BinckBank has reported a share of 53% of the Dutch market for leverage products turnover during the final quarter of 2014. Income from the Binck turbo range amounted to €300,000 in the fourth quarter of 2014, up from €200,000 the previous quarter. The Dutch online broker issued its first turbo in The Netherlands in July 2014. Since then more than 5,000 turbos have been issued on shares and indices.
By differentiating product features such as tight spreads and longer trading hours the Binck turbo has managed to establish itself as the turbo of choice amongst investors actively trading in turbos according to BinckBank. “After a positive start halfway through 2014, the Binck turbo has grown rapidly into a popular product among active investors,” said Vincent Germyns, acting chairman of the BinckBank executive board.
BinckBank also offers turbos from other providers on its open architecture platform. “BNP Paribas relinquishing turbo as a generic name – instigated by proceedings by BinckBank – has been an additional factor in the success,” according to a release form Binck. “This ensures clarity for private investors and benefits financial education for the entire product group.”
Seven providers are active in the Dutch market for leverage products including ABN Amro, Binck, BNP Paribas, Citi, Commerzbank, Goldman Sachs and ING.
Goldman took over the issuance of ABN Amro as of January 28, 2015, although for the moment the Dutch bank continues to issue turbos under its own name. BNP Paribas took over the market making activities of all Royal Bank of Scotland (RBS) investment products in the second half of September last year.

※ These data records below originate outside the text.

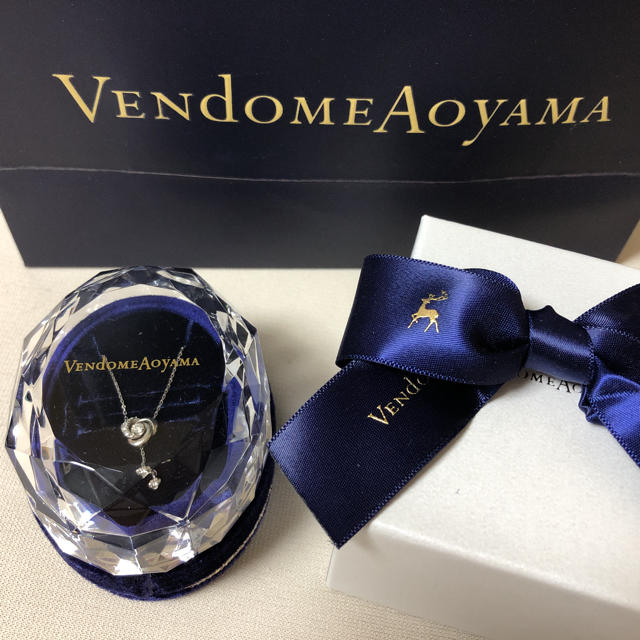 Vendome Aoyama(ヴァンドームアオヤマ)の【最終値下げ】ヴァンドーム青山 ネックレス(ピンバッチ付属) レディースのアクセサリー(ネックレス)の商品写真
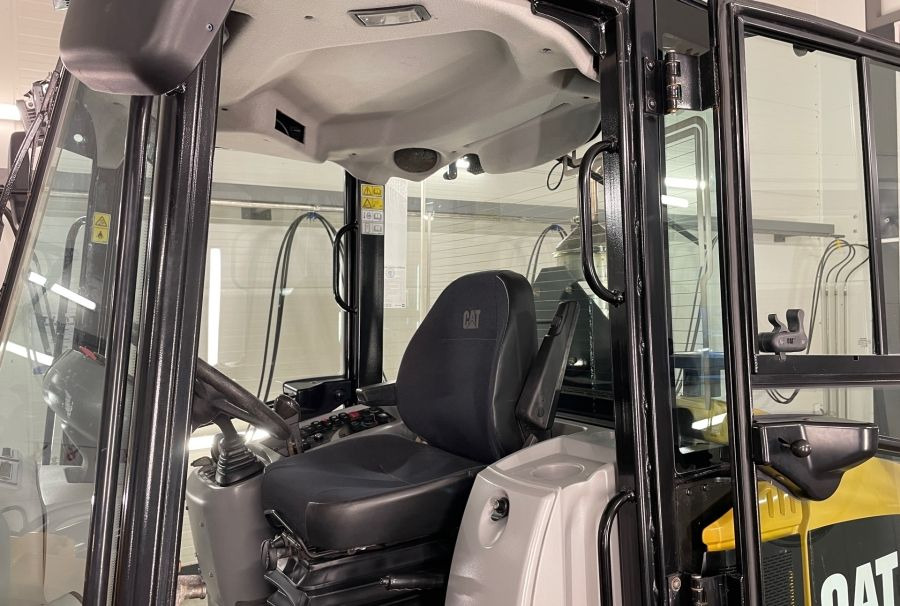 CAT 906 H 2 - Колёсный погрузчик: фото 5 CAT 906 H 2 - Колёсный погрузчик: фото 5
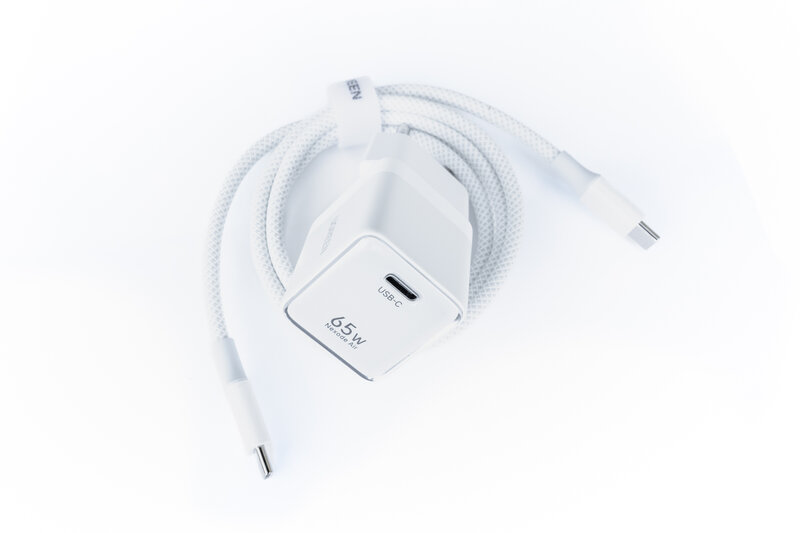 UGREEN Nexode Air 65W with Cable UGREEN Nexode Air 65W with Cable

For its turbo product, BinckBank has entered into a cooperation agreement with UBS in which BinckBank fully hedges the market risk on the Binck turbo issued in each transaction by purchasing a turbo issued by UBS. The Binck turbos issued are classified as derivative instruments under international financial reporting standards (IFRS) and therefore recognised under the item financial liabilities held for trading. The hedge transaction effected with UBS is also classified as a derivative under IFRS and recognised under the item financial assets held for trading.
The measurement of the derivatives includes an adjustment for credit risk for both the financial assets and the financial liabilities in line with IFRS 13. As a result of this discount, there is a difference between the measurement of a turbo issued by Binck and the turbo purchased for the hedge. The effect of these credit and debit valuation adjustments (CVA and DVA) on these derivatives as at 31 December 2014 was not material, BinckBank said.
The turbo products recognised by BinckBank as the issuer and the related hedge positions are recognised on the basis of published prices in an active market. According to BinckBank these products are thus reported under financial assets and liabilities held for trading under measurement level 1.